What you output must match the entries exactly, apart from the pictures, which are left out.

INFORMATION SHOWN Block Start

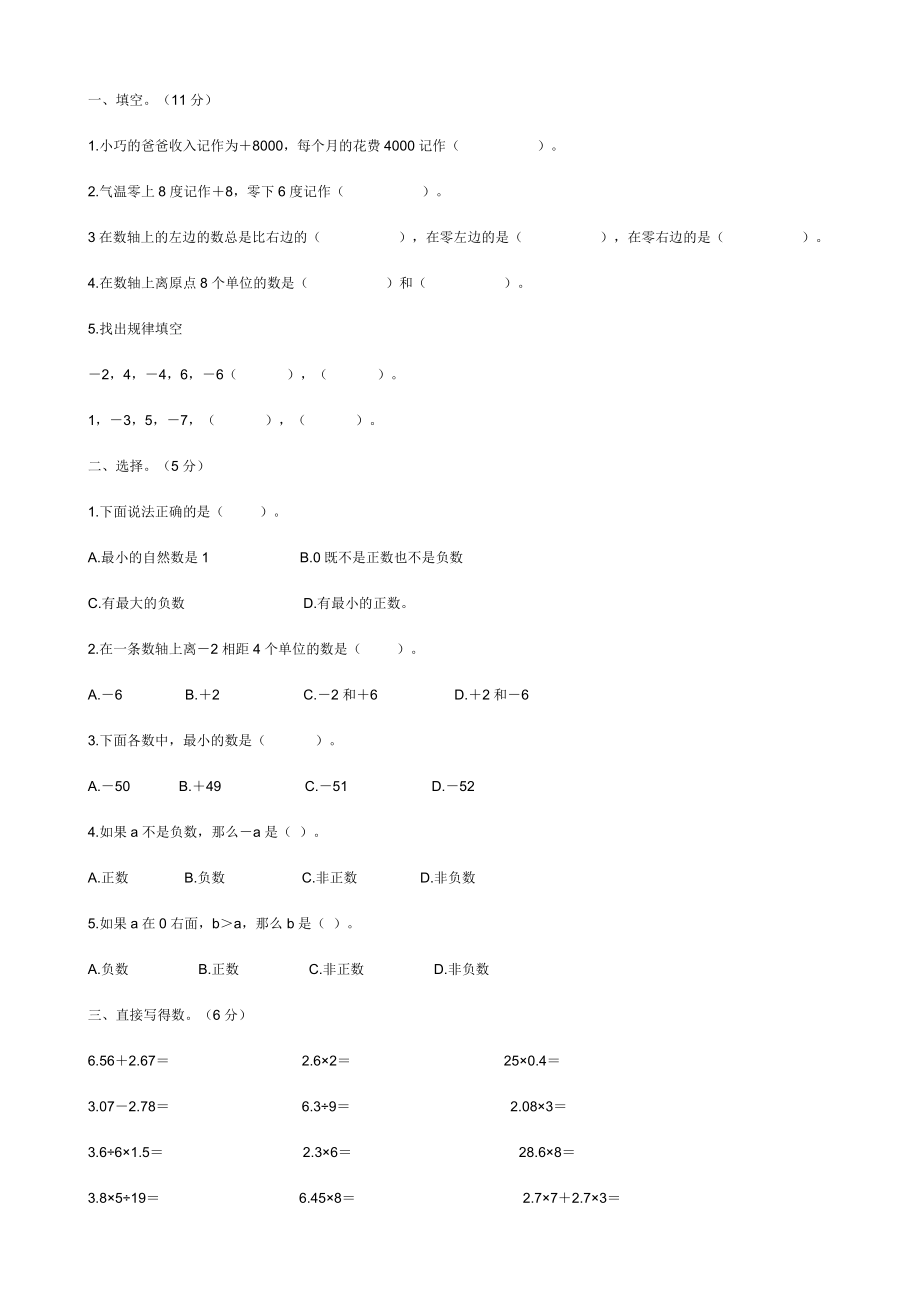 上海(沪教版)小学五年级数学下册14单元测试卷.doc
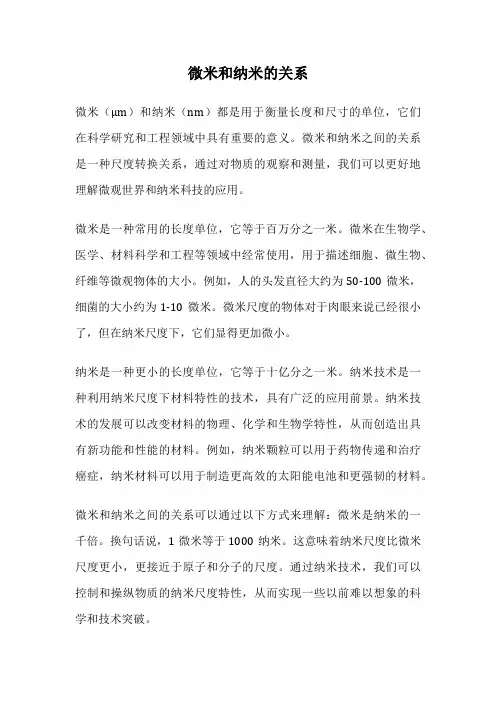 微米和纳米的关系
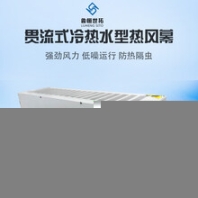 貫流式熱水熱風(fēng)幕/冷熱水型風(fēng)幕機(jī)的產(chǎn)品介紹/特點(diǎn)及參數(shù)表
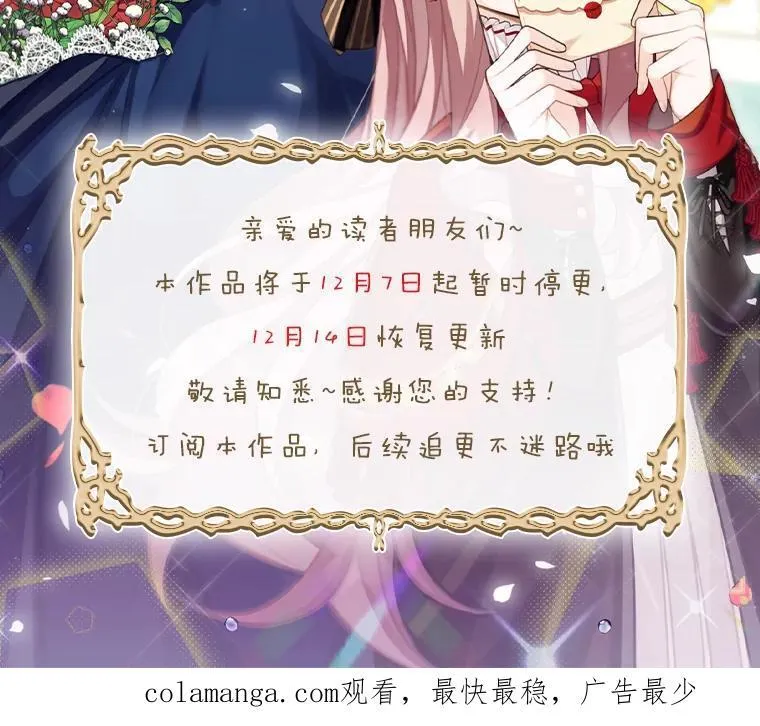27.召见65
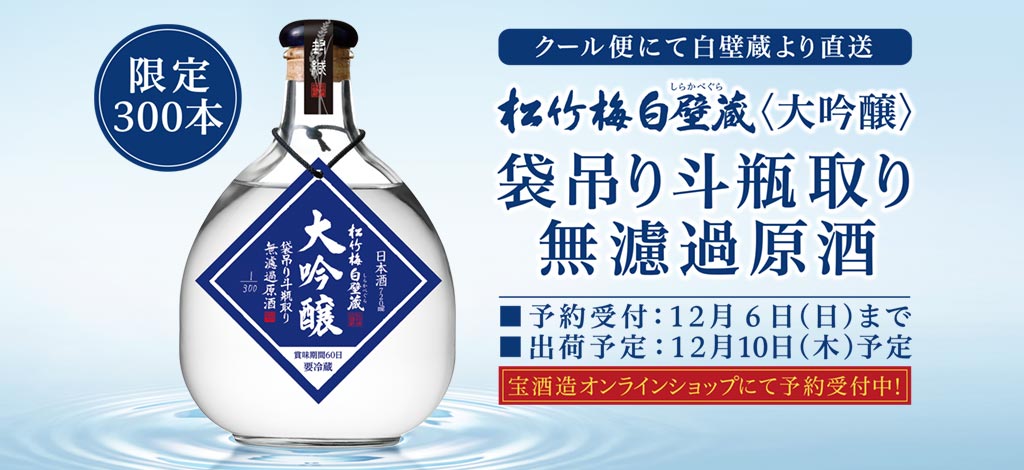 松竹梅白壁蔵＜大吟醸＞袋吊り斗瓶取り無濾過原酒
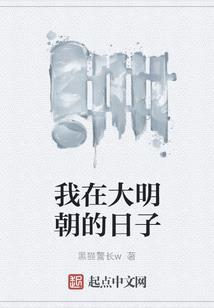 永世注定的彼此—宿命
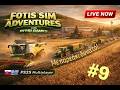 🔴 Carpathian Countryside - Multiplayer_Part.9_FS25_Greek_PS5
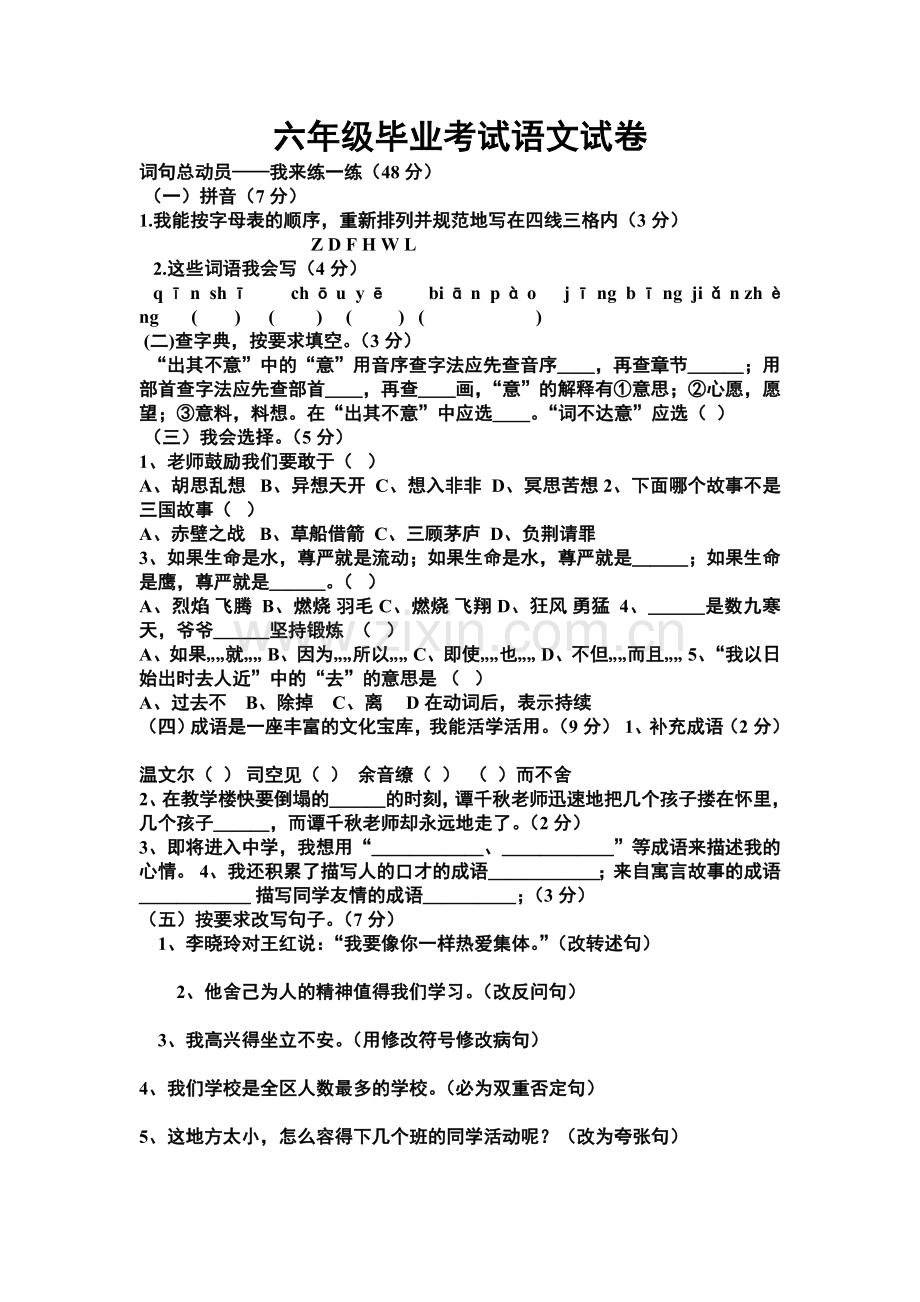 六年级毕业考试语文试卷.doc_第1页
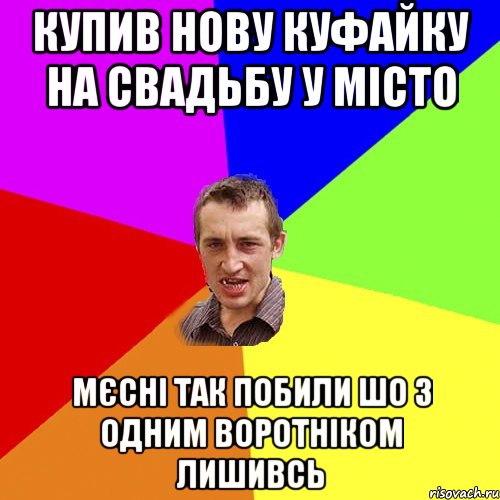 купив нову куфайку на свадьбу у місто мєсні так побили шо з одним воротніком лишивсь, Мем Чоткий паца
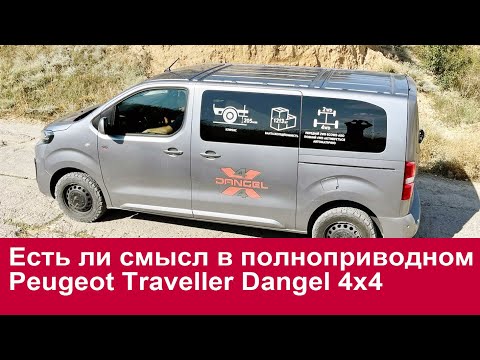 Видео: Есть ли смысл в полноприводном Peugeot Traveller Dangel 4x4?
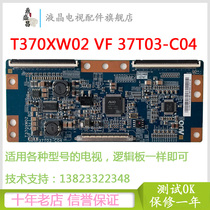Original TCL TV L37E9E 9BD Changhong LT37710 logic board T370XW02 VF 37T03-C04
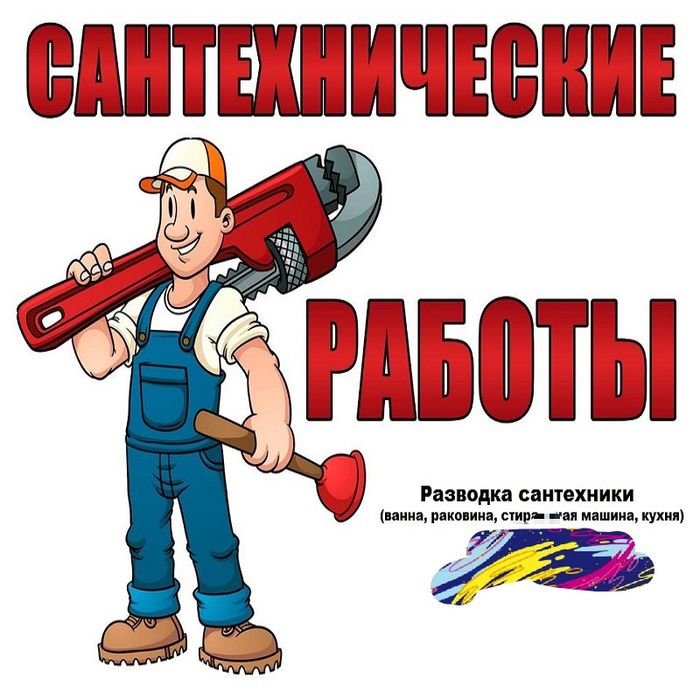 Услуги сантехника замена установка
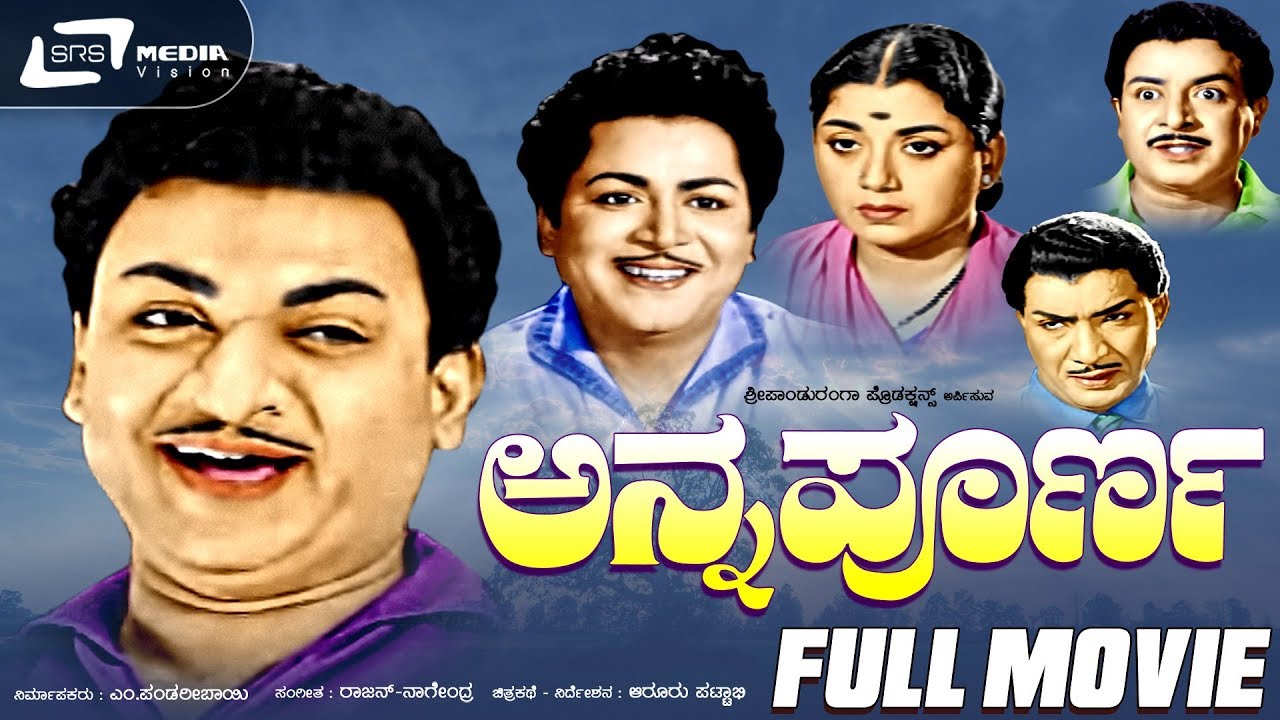 drama kannada full movie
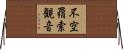 不空羂索観音 Horizontal Wall Scroll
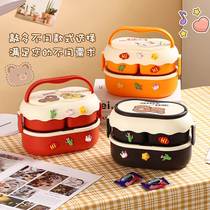 Cute Lunch Box Picnic Lunch Box With Microwave Oven Heated Work Children Special Meal Kit Women Spring Tour Fruit Box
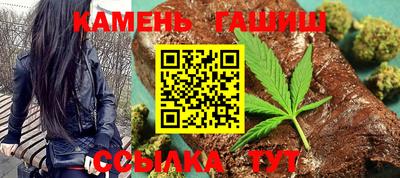 первитин Краснодар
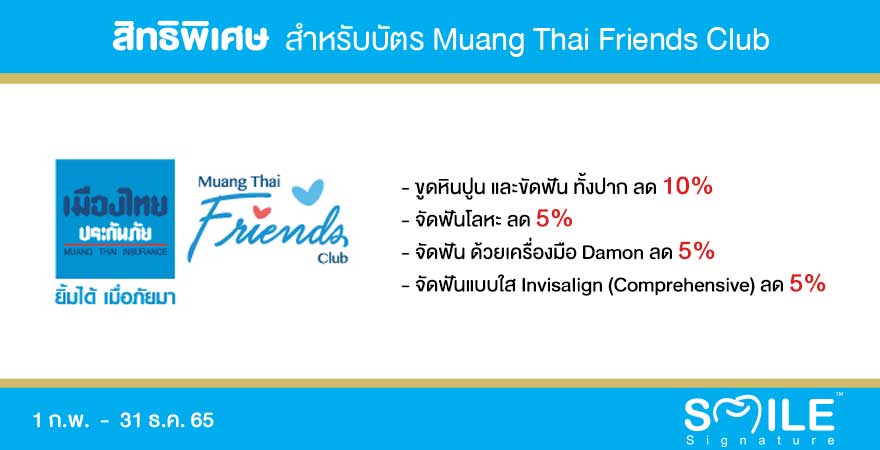 Muang Thai Friends Club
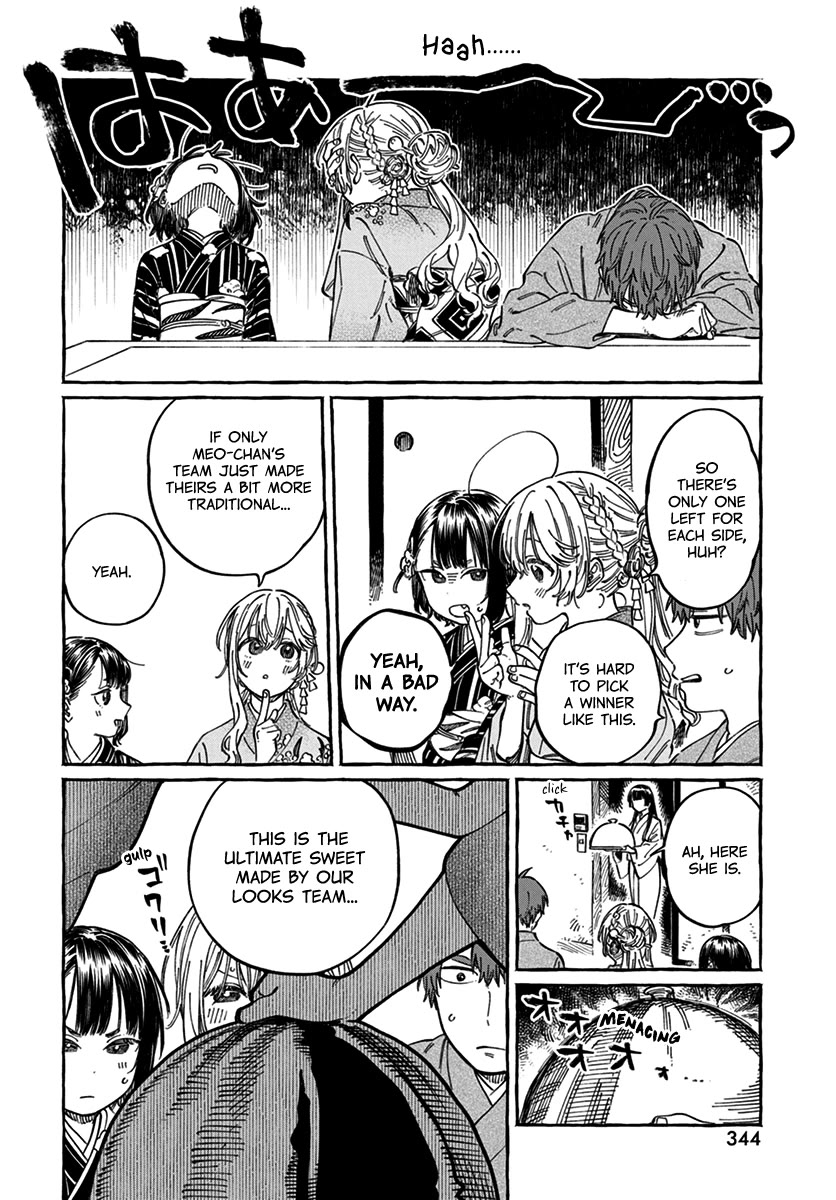 Boku no Suki na Hito ga Suki na Hito Chapter 14 - Page 17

INFORMATION SHOWN Block End

SOLUTION FOR THIS TASK =
 上海(沪教版)小学五年级数学下册14单元测试卷.doc
 微米和纳米的关系
 貫流式熱水熱風(fēng)幕/冷熱水型風(fēng)幕機(jī)的產(chǎn)品介紹/特點(diǎn)及參數(shù)表
27.召见65
 松竹梅白壁蔵＜大吟醸＞袋吊り斗瓶取り無濾過原酒
 永世注定的彼此—宿命
 🔴 Carpathian Countryside - Multiplayer_Part.9_FS25_Greek_PS5
 六年级毕业考试语文试卷.doc_第1页
 купив нову куфайку на свадьбу у місто мєсні так побили шо з одним воротніком лишивсь, Мем Чоткий паца
 Видео: Есть ли смысл в полноприводном Peugeot Traveller Dangel 4x4?
Original TCL TV L37E9E 9BD Changhong LT37710 logic board T370XW02 VF 37T03-C04
 Услуги сантехника замена установка
 drama kannada full movie
 不空羂索観音 Horizontal Wall Scroll
 Cute Lunch Box Picnic Lunch Box With Microwave Oven Heated Work Children Special Meal Kit Women Spring Tour Fruit Box
 первитин Краснодар
 Muang Thai Friends Club
 Boku no Suki na Hito ga Suki na Hito Chapter 14 - Page 17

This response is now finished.